Let's say we have a dice game, played with n players rolling n, k sided dice, with k >= n. The dice determine the order of winning players: each player is assigned a number, from 1 to n, and all roll their k-sided dice simultaneously. Winners are selected each round if the number they roll is unique amongst the n players. If a players roll is matched by another player, then both must continue to the next round, and there can be more than one winner each round, or zero winners. All players roll their dice even if they have already won. All players keep rolling until all have won at least once. The problem is to find the average and expected number of rounds each games last as a function of n and k.

For example, if we had a game of 4 players, each rolling 4-sided dice, a potential game might proceed like this:

Roll 1 - (1,1,3,3) : no winning players, since no player rolled a unique number

Roll 2 - (1,2,2,3) : player 1 and player 4 win, since each rolled a unique number

Roll 3 - (1,1,3,4) : player 3 and player 4 win

Roll 4 - (1,3,3,4) : player 1 and 4 win

Roll 5 - (2,3,2,2) : player 2 wins

Each player has won at least once, so this game ends in 5 rounds.

It would make sense that as k becomes >> n, then the expected number of rounds would converge at 1 (since the probability of there being any matching number for a large sided dice tends towards zero for a large number of sides).
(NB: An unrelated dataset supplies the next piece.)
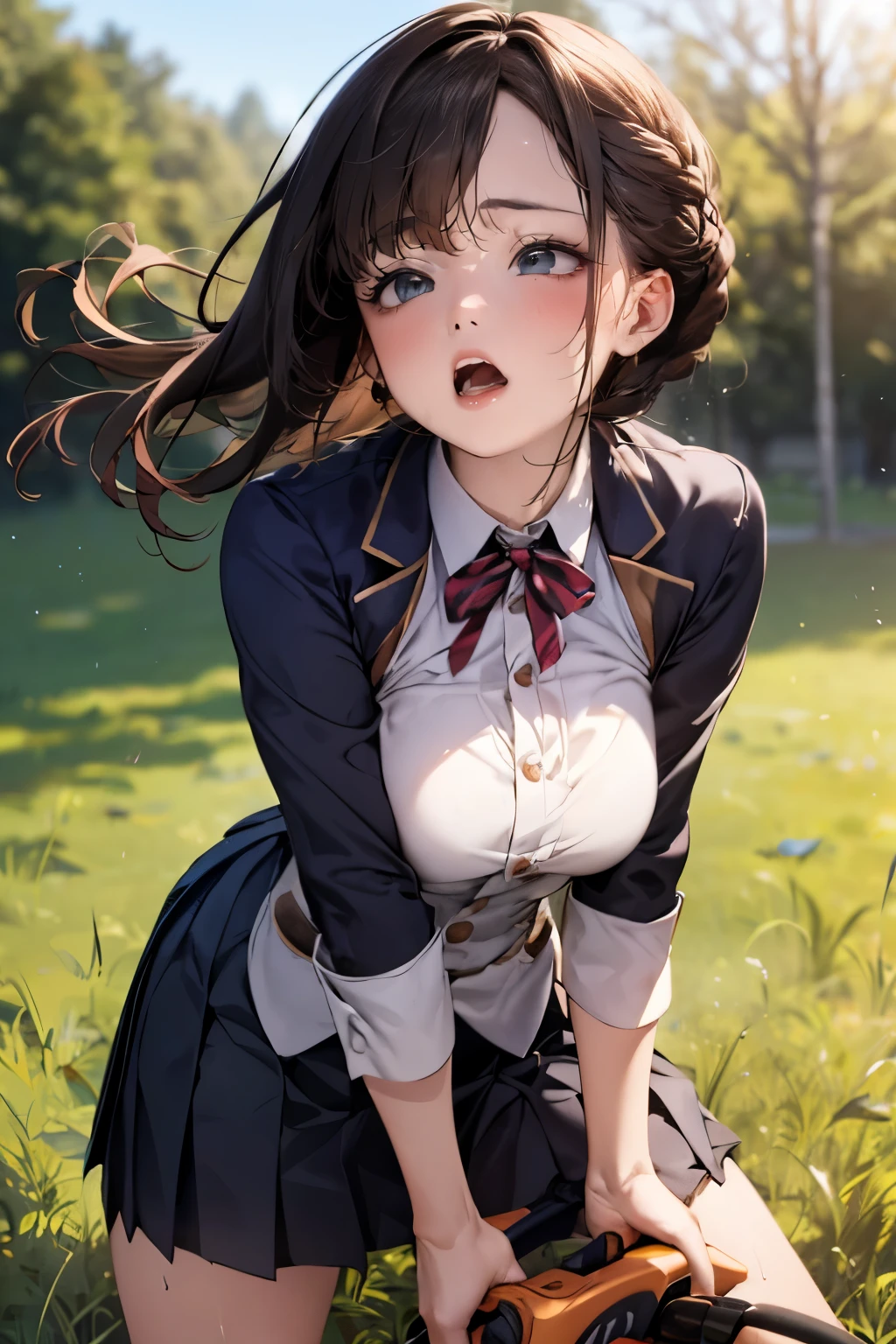 (round face), eyes with realistic sizing, drooping eyes, blush, sweat, shame, pleated skirt, ribbon, (ecstasy face, lewd girl, obsessed with playing her own genitals), (standing and straddling to hit her crotch against a vibrating grass trimmer, masturbating with complete concentration), braid,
This is a simple problem to simulate, and running each game 1 million times shows the following result:

4 players, rolling 4-sided dice -> average number of rounds = 4.17346

4 players, rolling 10-sided dice -> average number of rounds = 1.806924

6 players, rolling 6-sided dice -> average number of rounds = 5.225997

6 players, rolling 10-sided dice -> average number of rounds = 3.043941

6 players, rolling 100-sided dice -> average number of rounds = 1.15475

This does not seem to be model-able with a Markov Chain, since the number of states is not fixed from game to game with a given n and k.

NOTE: this is not homework, but I came across this game in a PDF full of dice games and haven't been able to find or work-out a solution.

Answer 1

I think there is not a general solution. Here is my solution on 4 players, rolling 4-sided dice case. Calculation is pretty complicated. I don't know if there is any better method.
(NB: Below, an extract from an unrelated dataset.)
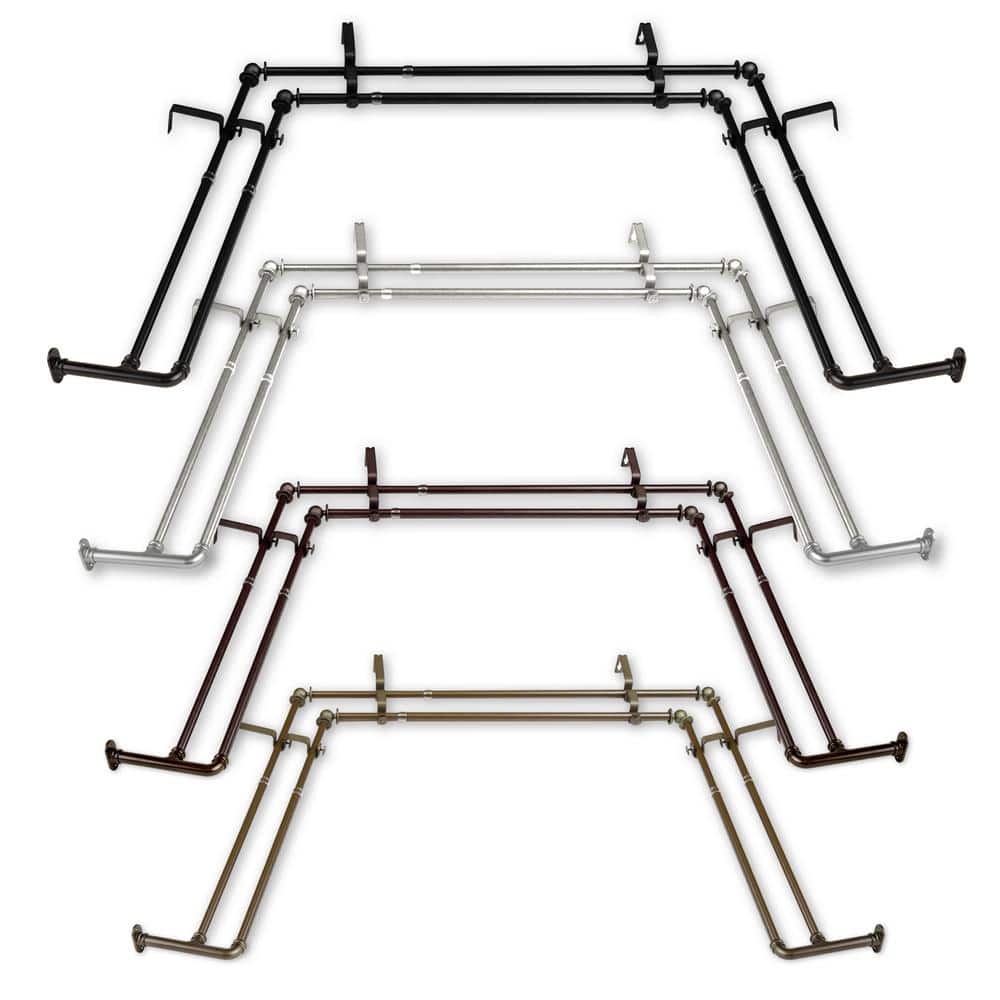 Reviews for EMOH 5/8 inch Double Blackout Bay Window Curtain Rod 20"36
First of all, we need to figure out results of each round of rolling. 4 players roll 4 dice, then we can get:

• 0 winner: $p_0=\frac{10}{64}$
  • AAAA: $p_01=4*\frac{1}{4^4}=\frac{1}{64}$
  • AABB: $p_02={4\choose2}\frac{\frac{4*3}{2}}{4^4}=\frac{9}{64}$
• 1 winner: $p_1=\frac{12}{64}$
  • AAAB: $p={4\choose1}\frac{4*3}{4^4}=\frac{12}{64}$
• 2 winners: $p_2=\frac{36}{64}$
  • AABC: $p={4\choose2}\frac{4*3*2}{4^4}=\frac{36}{64}$
• 3 winners: $p_3=0$
  • not possible
• 4 winners: $p_4=\frac{6}{64}$
  • ABCD: $p=\frac{4*3*2*1}{4^4}=\frac{6}{64}$

$E(n)$ is the expected number of rolls to finish a game where $n$ players have not yet won at least once. So we want to know $E(4)$.

$$E(4)=1+p_0*E(4)+p_1*E(3)+p_2*E(2)$$ $$E(3)=1+p_0*E(3)+\frac{1}{4}p_1*E(3)+\frac{3}{4}p_1*E(2)+\frac{1}{2}p_2*E(2)+\frac{1}{2}p_2*E(1)$$ $$E(2)=1+p_0*E(2)+\frac{2}{4}p_1*E(2)+\frac{2}{4}p_1*E(1)+\frac{1}{6}p_2*E(2)+\frac{4}{6}p_2*E(1)$$ $$E(1)=1+p_0*E(1)+\frac{3}{4}p_1*E(1)+\frac{3}{6}p_2*E(1)$$

And I got $E(4)=6.401612$ which is not close to the simulation result. If you find out what's wrong with it please comment. Thanks a lot!